Citi also mentioned a “greater competition for global demand (for bonds), especially in the January supply glut.”
Strong supply weakens bond prices and increases yields.
“There are important cross-reads (of the gilt selloff) into the euro area government bond (EGB) markets, where fiscal challenges could become the number one topic,” said Christoph Rieger, head of rates and credit research at Commerzbank.
“EGB levels stand a better chance of stabilising when the first supply wave has been absorbed,” he added.
Germany’s 2-year yield DE2YT=RR, which is more sensitive to expectations for ECB rates, rose to 2.231%, its highest since Nov. 7, and was last up 2 bps at 2.223%.

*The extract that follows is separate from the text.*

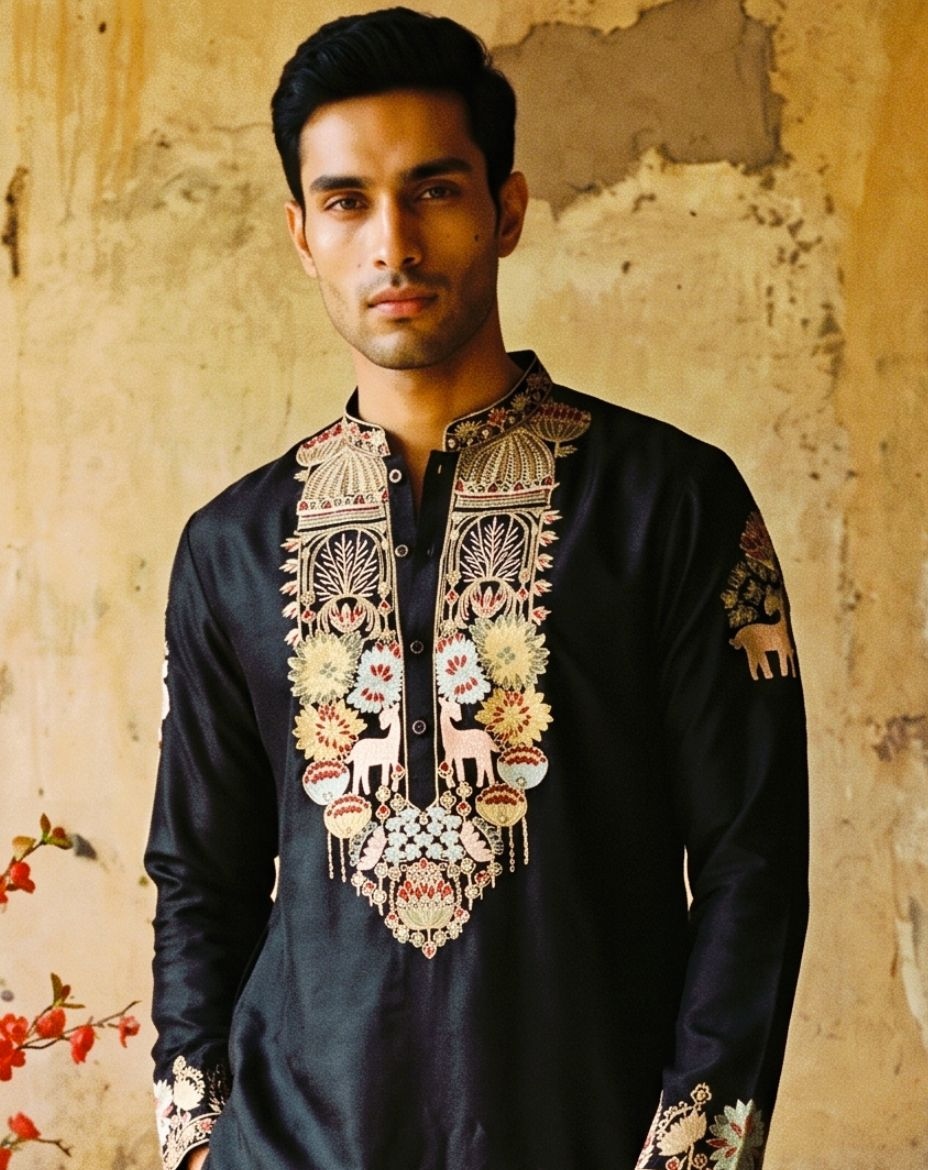 Black Heritage Embroidered Silk Kurta Pyjama — alternate view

Markets await US jobs data on Friday, with many US players out on Thursday for a national day of mourning for former President Jimmy Carter.
Markets priced in an ECB deposit facility rate at 2.15% in July 2025, from 1.95% early this year. EURESTECBM5X6=ICAP The depo rate is at 3%.
The gap between French and German bond yields – a gauge of the premium investors demand to hold French debt – widened to 86.5 bps. DE10FR10=RR
Italy’s 10-year yield IT10YT=RR rose to 3.726%, its highest since Nov. 7, and was last up 2 bps at 3.704%. The gap between Italian and German yields DE10IT10=RR was at 117 bps.